Beta-glucan is a soluble fiber found in oats and barley. Products using this substance (Nu-Trim) may reduce cholesterol and have additional health benefits.

A number of other fat-replacers are also available. Although studies to date have not shown any significant adverse health effects, their effect on weight control is uncertain, since many of the products containing them may be high in sugar. People who learn to cook using foods naturally lacking or low in fat eventually lose their taste for high-fat diets, something that may not be true for those using fat substitutes.

Artificial Sweeteners. Many artificial or low-calories sweeteners are available. It should be noted that using these artificial sweeteners should not give dieters a license to increase their fat intake. There is some public concern about chemicals used to produce many of these sweeteners, and the side effects seen in studies using rats. Natural low-calories sweeteners are available that may be more acceptable to many people.

Other sugar substitutes being investigated include glycyrrhizin (derived from licorice) and dihycrochalcone (derived from citrus fruits).

Some studies have reported good success with meal replacement beverages (such as Slim-Fast and Sweet Success). They contain major nutrients needed for daily requirements. Each serving typically contains 200 - 250 calories and replaces one meal. (Note: Using them for all meals reduces calories to a severe extent and can be harmful.)

These weight loss programs can cost about $2,000. People who complete these programs may lose close to 10% of their weight. For example, someone who started 200 pounds loses 20 pounds, on average. But many people regain over half of the lost weight over time.

Medications

There are several different drugs used for weight loss. Unless specifically instructed by a doctor, people should use non-drug methods for losing weight. Except under rare circumstances, pregnant or nursing women should never take diet medications of any sort, including herbal and over-the-counter remedies. While weight loss drugs in general have shown some benefit, the overall weight loss achieved is generally limited. In addition, people will usually regain the weight when they discontinue the medication.

About 7% of American adults use nonprescription weight-loss products. People must be cautious when using any weight-loss medications, including over-the counter diet pills and herbal remedies. Buying unverified products over the Internet can be particularly dangerous.

Green Tea. Some studies have suggested that regular tea drinking is associated with lower weight, particularly in people who drink it for years. However, better evidence is needed to confirm the results on this supplement.

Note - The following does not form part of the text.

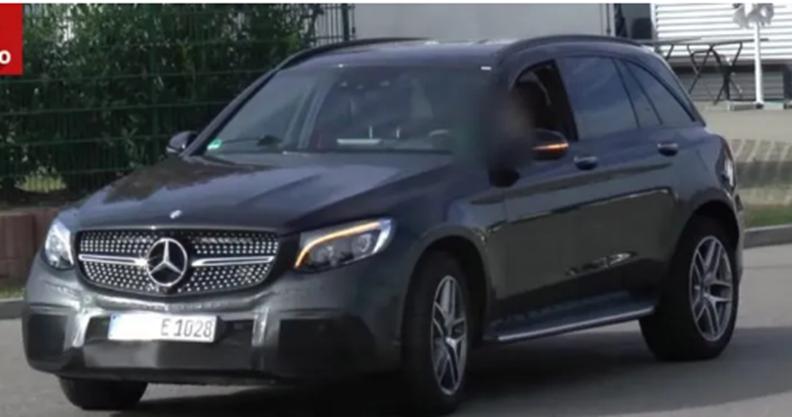 梅赛德斯-AMG GLC 63原型在德国交通中融合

Thermogenic Approach to Weight Loss. An approach to weight loss called thermogenic (or hepatothermic) therapy is based on the claim that certain natural compounds have properties that enable the liver to increase energy in cells and stimulate metabolism. Theoretically, the result would be fat loss. Among the substances used in such products are EPA-rich fish oil, sesamin, hydroxycitrate, pantethine, L-carnitine, pyruvate, aloe vera, aspartate, chromium, coenzyme Q10, green tea polyphenols, aloe vera, DHEA derivatives, cilostazol, diazoxide, and fibrate drugs.

Nearly all the current over-the-counter dietary aids contain some combination of these ingredients. There is no evidence that any of these ingredients can produce weight loss, and some may even have harmful effects.

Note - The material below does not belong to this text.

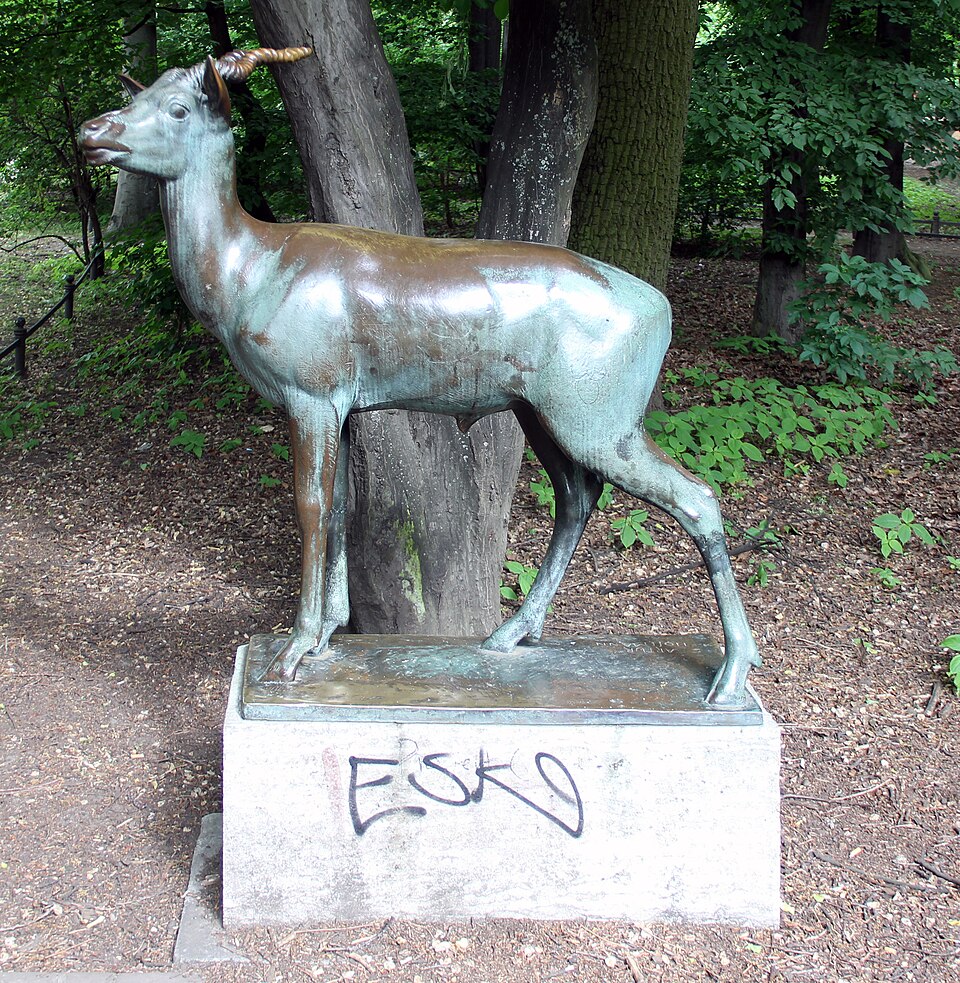 File:Skulptur Preußenpark (Wilmd) Antilope&Arthur Hoffmann&1926.jpg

Chromium is a common ingredient in many diet supplements (such as Xenadrine, Dexatrim, Acutrim Natural, and Twinlab Diet Fuel). It is claimed to specifically promote fat loss, rather than lean muscle loss. There is no proof that chromium helps with weight loss.

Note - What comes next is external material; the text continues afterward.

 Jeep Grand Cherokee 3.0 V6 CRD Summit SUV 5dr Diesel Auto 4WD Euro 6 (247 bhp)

Ephedra, Ephedrine, and Ma Huang. The FDA does not allow the sale of drugs that contain ephedrine. In May 2004, the FDA banned the sale of dietary supplements that contain ephedra (also called Ma Huang). Ephedra can cause serious side effects, including strokes and heart attacks.

Brazilian Diet Pill. The FDA has warned consumers not to buy a product known as the "Brazilian diet pill." This product is labeled as a dietary supplement, but contains several chemicals found in powerful prescription drugs.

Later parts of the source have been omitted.